### [Source data]
------------------------------------------------------------------------
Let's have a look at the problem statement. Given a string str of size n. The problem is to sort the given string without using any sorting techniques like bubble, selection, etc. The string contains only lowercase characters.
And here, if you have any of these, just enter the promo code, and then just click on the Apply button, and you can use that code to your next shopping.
------------------------------------------------------------------------
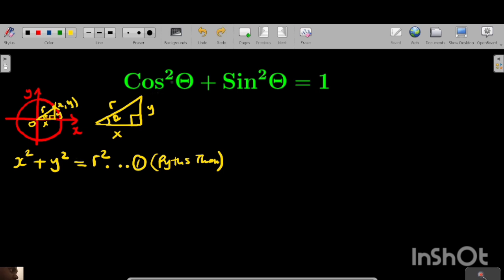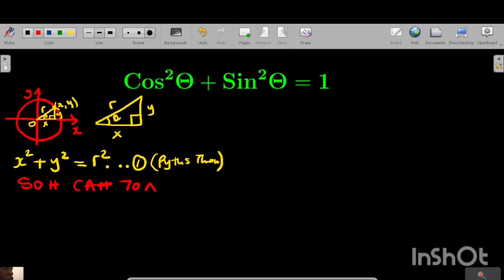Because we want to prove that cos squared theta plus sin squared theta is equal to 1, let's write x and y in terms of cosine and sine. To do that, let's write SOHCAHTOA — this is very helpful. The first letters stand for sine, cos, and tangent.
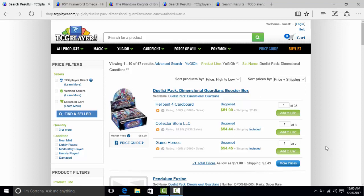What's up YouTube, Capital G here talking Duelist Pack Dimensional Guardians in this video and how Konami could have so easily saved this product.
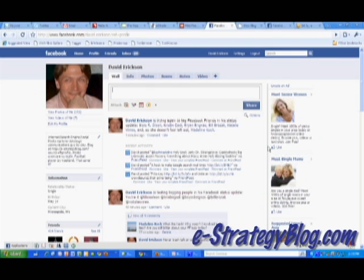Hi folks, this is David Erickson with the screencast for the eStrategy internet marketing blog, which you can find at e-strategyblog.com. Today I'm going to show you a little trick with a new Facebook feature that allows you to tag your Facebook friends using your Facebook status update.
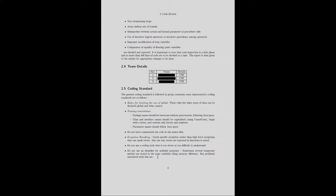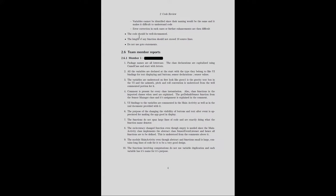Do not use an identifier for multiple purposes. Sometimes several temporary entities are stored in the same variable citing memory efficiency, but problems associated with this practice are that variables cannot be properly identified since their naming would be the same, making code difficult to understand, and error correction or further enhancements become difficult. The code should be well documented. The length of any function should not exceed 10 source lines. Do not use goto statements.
------------------------------------------------------------------------
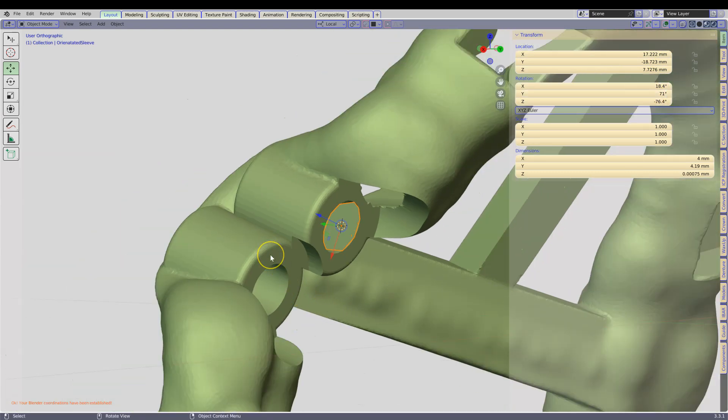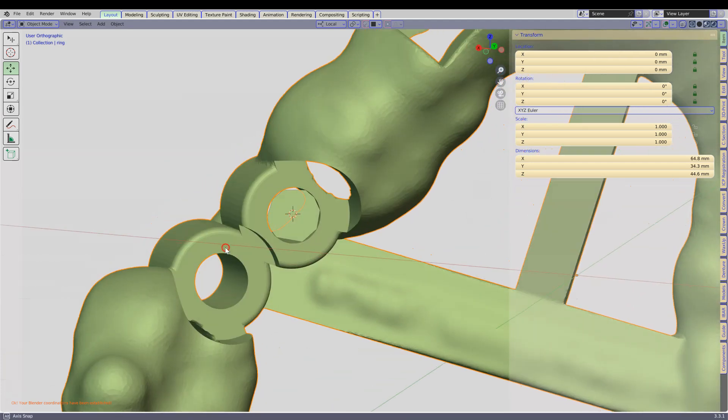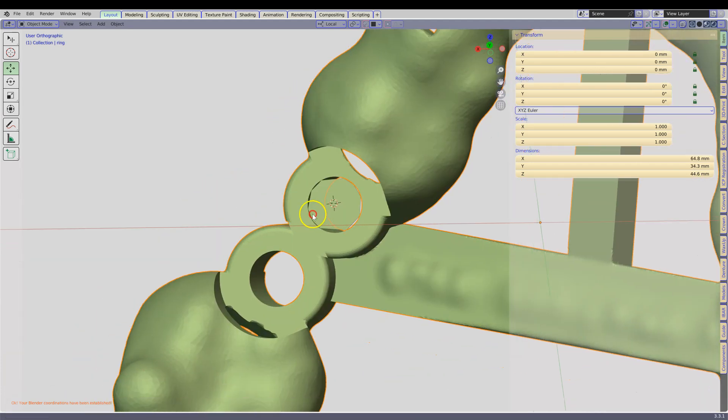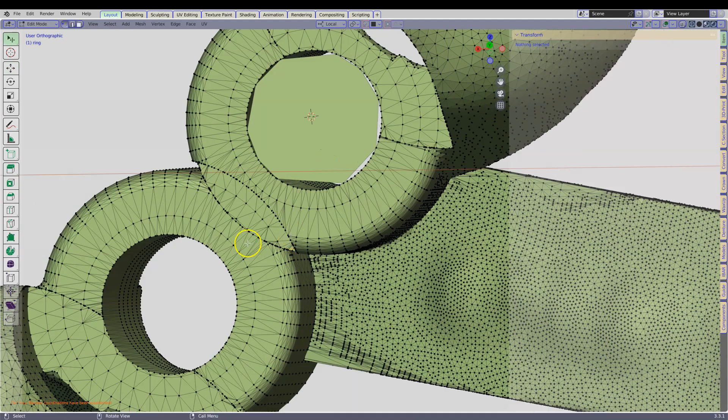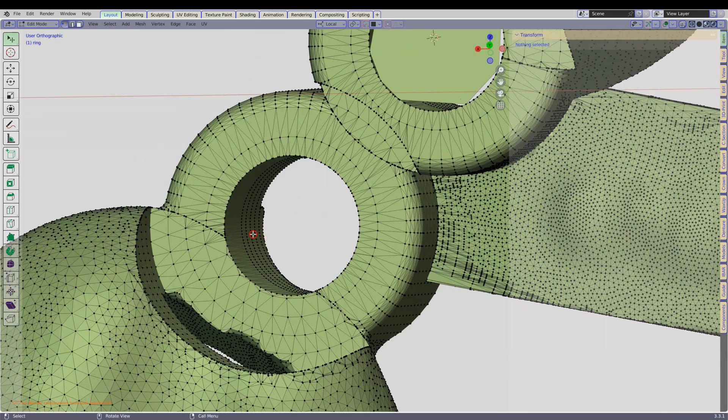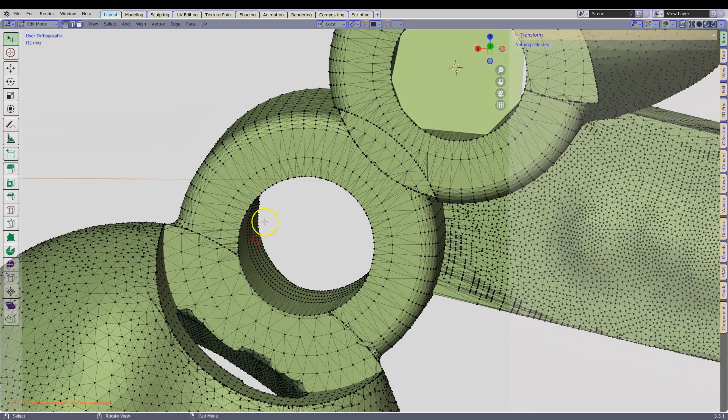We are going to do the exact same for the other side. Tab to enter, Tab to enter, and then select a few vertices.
------------------------------------------------------------------------
Going down the listing above, begin printing at the line with "Let's have a" and finish with the line with "And here, if", exactly as they appear.

Let's have a look at the problem statement. Given a string str of size n. The problem is to sort the given string without using any sorting techniques like bubble, selection, etc. The string contains only lowercase characters.
And here, if you have any of these, just enter the promo code, and then just click on the Apply button, and you can use that code to your next shopping.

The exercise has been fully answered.